# Dude!!! Walgreens!!!!



## MrsMyers666 (Oct 19, 2004)

Hurry up with those pictures!!!! Maybe I'll stop at Walgreens on the way home, although I bet they still have school stuff out, this is the first week of school here.


----------



## brandywine1974 (Sep 10, 2005)

Here is my list:

Bleeding Skull Plaque (replacement for the one that I had that dried up) 9.99
http://i24.photobucket.com/albums/c45/brandywine1974/Halloween%20Purchases%202006/BleedingSkullPlaque.jpg

Dropping spider 5.99
http://i24.photobucket.com/albums/c45/brandywine1974/Halloween%20Purchases%202006/DroppingSpider.jpg

Crawling Tarantula (no pic cuz I gave it away already) 9.99

LARGE Plastic Skull Plaque 2.99
http://i24.photobucket.com/albums/c45/brandywine1974/Halloween%20Purchases%202006/PlasticSkullPlaque.jpg

23" Hanging Bat 7.99
http://i24.photobucket.com/albums/c45/brandywine1974/Halloween%20Purchases%202006/HangingBat.jpg

Witch Broom (for my Martha Stuart cut out witch that a friend made me last year) 3.99

Blue Scarf Pirate Skeleton 5.00
http://i24.photobucket.com/albums/c45/brandywine1974/Halloween%20Purchases%202006/BluePirateSkeleton.jpg

Red Scarf Pirate Skeleton 5.00
http://i24.photobucket.com/albums/c45/brandywine1974/Halloween%20Purchases%202006/RedPirateSkeleton.jpg

3-3'”Plastic Skulls .99 each
http://i24.photobucket.com/albums/c45/brandywine1974/Halloween%20Purchases%202006/SkullTrio.jpg

Screaming mini Monster punk rocker dude 2.99 (gave him away too)
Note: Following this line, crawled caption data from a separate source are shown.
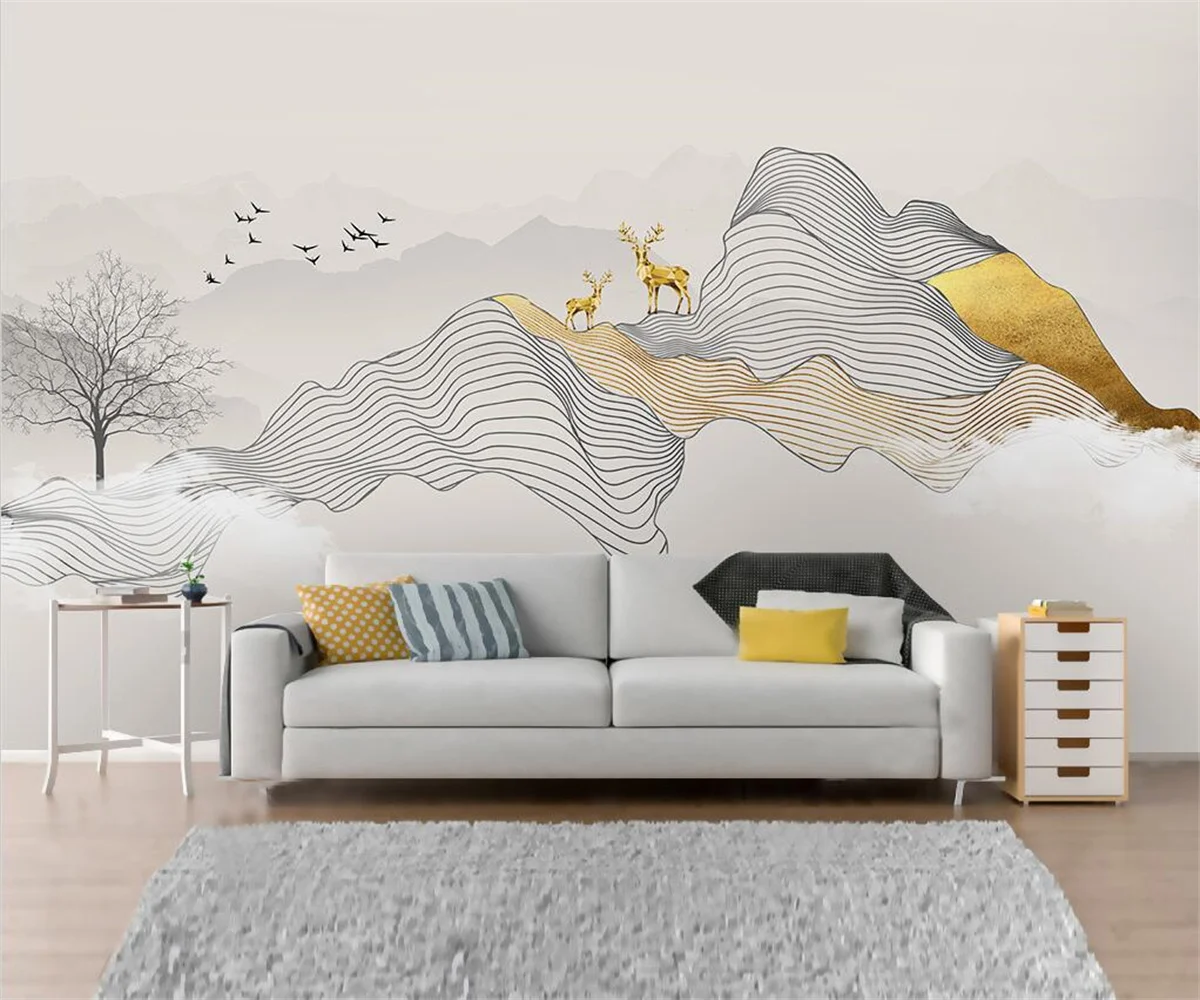 Custom large murals new Chinese abstract ink lines smoke landscape artistic conception elk bedroom background wall 3d wallpaper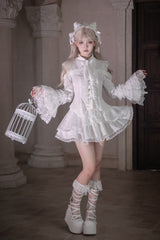 White [Snowy Night Princess] Lapel Collar Long Hime Sleeves Ruffled Bow Lace Gothic Jirai Kei Japanese Skirt Set - White(Set) - 1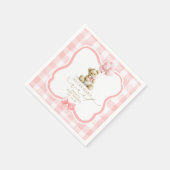 Rosa Gingham-Teddybär-Mädchen-Baby-Party Serviette (Ecke)
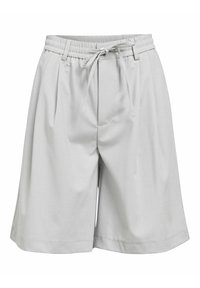 Pantaloni corti grigi chiari con vita elastica e laccetto. Caratterizzati da gambe ampie, pieghe davanti e un tessuto liscio e leggero.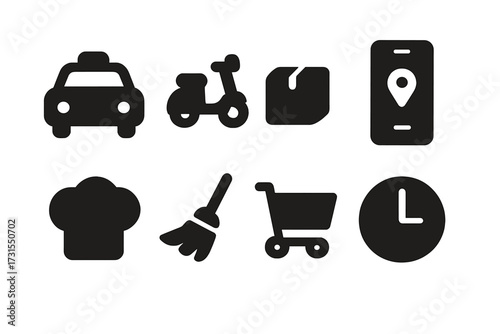 On-Demand Services Icons. On-demand services. Filled icon set of On-demand services: taxi car, scooter,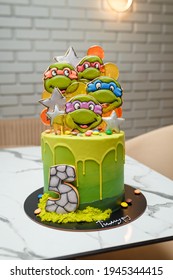 Izmail, Ukraine. November 2020. Birthday cake with Teenage Mutant Ninja Turtles for 5 years old boy theme birthday party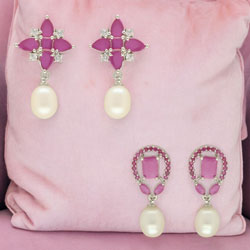 "Delicate Combo Of 2 Pair Earrings - JPER-23-909 - Click here to View more details about this Product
2-shrunken heads to add to the collection 2.50 each
http://i24.photobucket.com/albums/c45/brandywine1974/Halloween%20Purchases%202006/ShrunkenHeads.jpg

3-changing portraits 4.99 each
http://i24.photobucket.com/albums/c45/brandywine1974/Halloween%20Purchases%202006/MedusaChangingPortrait.jpg
http://i24.photobucket.com/albums/c45/brandywine1974/Halloween%20Purchases%202006/AmericanGothicChangingPortrait.jpg
http://i24.photobucket.com/albums/c45/brandywine1974/Halloween%20Purchases%202006/SomeDudeChangingPortrait.jpg

3-cutesy ghost candle holders (I know but I liked them) 1.99 each
http://i24.photobucket.com/albums/c45/brandywine1974/Halloween%20Purchases%202006/CutesyGhostCandleHolders.jpg

skeleton candle holder 2.99
http://i24.photobucket.com/albums/c45/brandywine1974/Halloween%20Purchases%202006/SkeletonCandleHolder.jpg

23" mummy 5.99
http://i24.photobucket.com/albums/c45/brandywine1974/Halloween%20Purchases%202006/Mummy.jpg

LARGE hard foam skull plaque 9.99
http://i24.photobucket.com/albums/c45/brandywine1974/Halloween%20Purchases%202006/HardFoamSkullPlaque.jpg

3 -creature cages zombie, pirate, reaper (pics after I set them up) 10.00 each

2 -6 foot hanging creatures reaper,zombie (pics after I set them up)19.99

The pics suck because my camera is junk and I was in a hurry. Let me know if you have questions.


----------



## Scare Shack (Oct 2, 2005)

Seems like some good stuff. I now I got a walgreens around here, i'll have to stop by. Thanks for the heads up.


----------



## colmmoo (Jul 23, 2005)

Awesome! I'm headed there today! Thanks for letting us know.


----------



## CreepyKitty (Jul 19, 2004)

Nice!! They just built a Walgreens here in my town and are about to open soon! Hopefully it will be before halloween so I can checkout thier Halloween stuff!


----------



## JohnnyL (Nov 6, 2005)

Wow great finds! About how big are those portraits?


----------



## MrsMyers666 (Oct 19, 2004)

brandy that was quick 

Great pics, can't wait for Walgreens to set up


----------



## brandywine1974 (Sep 10, 2005)

JohnnyL said:


> Wow great finds! About how big are those portraits?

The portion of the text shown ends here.